* [Exercise goal]
Retype, exactly as they stand, the lines from the start of the data to the line that contains "Creative Outdoor Elastic", both ends included. Leave the pictures out.

Captioned web images
----------------------------------------

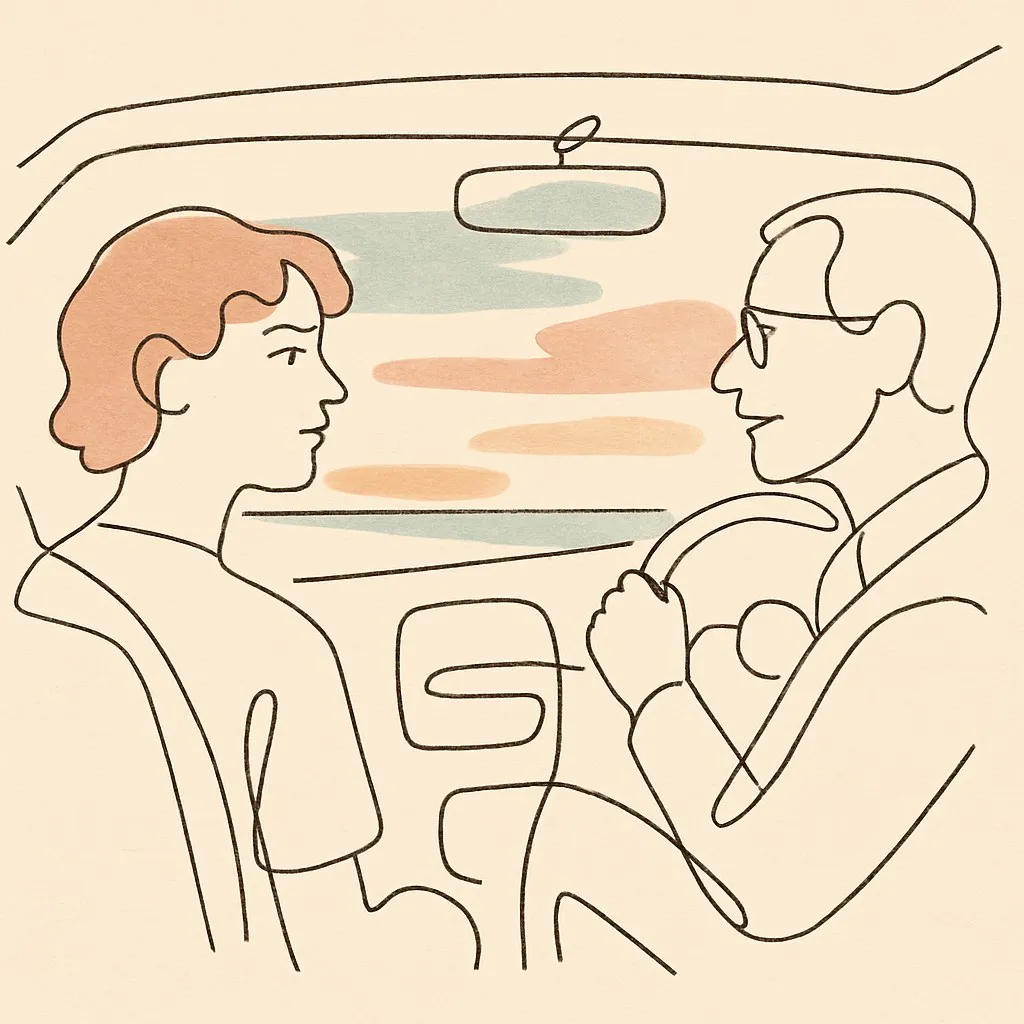 Line art of a teen and parent in a car at dusk, soft sky through the windshield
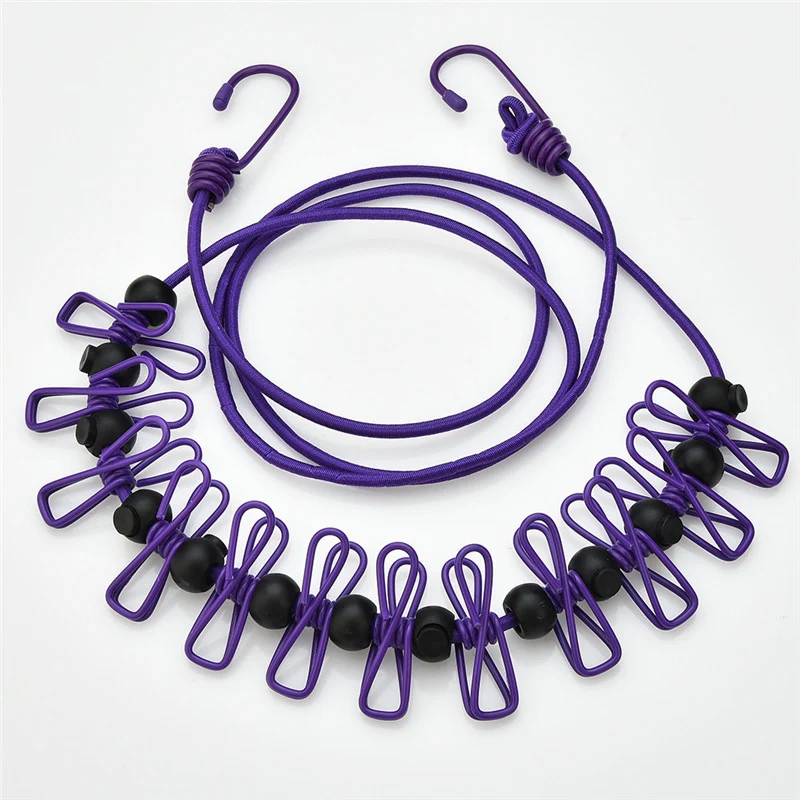 Creative Outdoor Elastic Windproof Clothesline with Positioning Clips, Korean Style Clothesline with 12 Windproof Clips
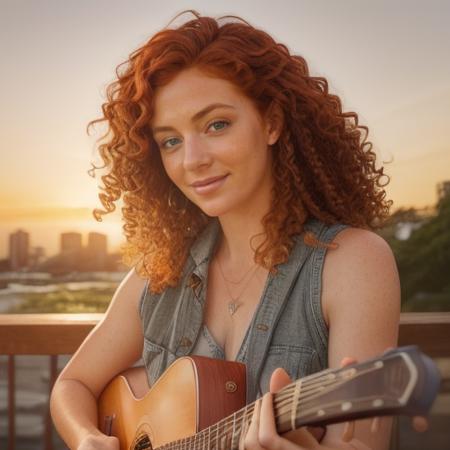 BEAUTIFUL RED HEAD WOMAN,ULTRA REALISTIC,MACRO PHOTO,ULTRA DETAILED FACE,ULTRA DETIALED SKIN,ULTRA DETAILED TEXTURES,EXTEREME CLOSE UP,CURLY HAIR, BIG SMILE,BEAUTIFULL BLUE EYES,HAIR SUN LIGHT,BEAUTIFULL FINGERS,BEST GUITAR STRINGS,Sunrise, early morning light, vibrant warm colors, realistic style,soft lines, dynamic composition, natural scenery, inviting, musical diversity, harmony, balanced elements, cohesive color schemes, subtle textures, lighting effects, highlight key features. <lora:epiCRealismHelper:0.8>,HIGH DEPTH OF FIELD,HIGH CONTRAST,EPIC PHOTOGROHY,EPIC REALISEM PHOTO,PROFESSIONAL PHOTOGRPHY,BEST LIGHTING TECHNIQUES,8K RESULOTION,HIGH DETAILED PICTURE,HIGH RESULOTION PICTURE,BEST QUALITY,HIGH QUALITY <lora:realistic:0.2>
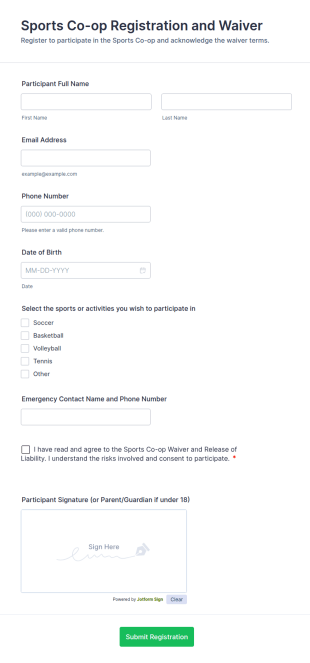 Sports Co Op Registration And Waiver Form Template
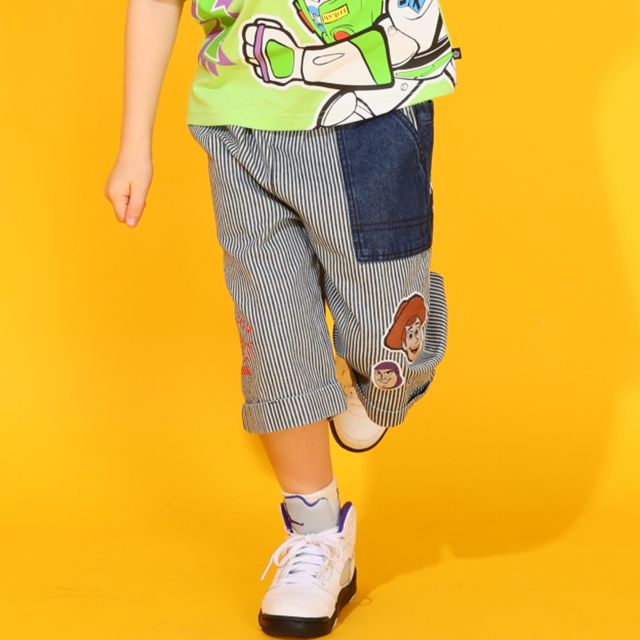 【ベビードール】トイ・ストーリー デニム切替ヒッコリーハーフパンツ 0394K / ウッディ バズ ベビーサイズ キッズ ボトムス ショートパンツ 短パン 半ズボン ウエスト総ゴム ゴム穴付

----------------------------------------

* [Result of this exercise]
 Line art of a teen and parent in a car at dusk, soft sky through the windshield
 Creative Outdoor Elastic Windproof Clothesline with Positioning Clips, Korean Style Clothesline with 12 Windproof Clips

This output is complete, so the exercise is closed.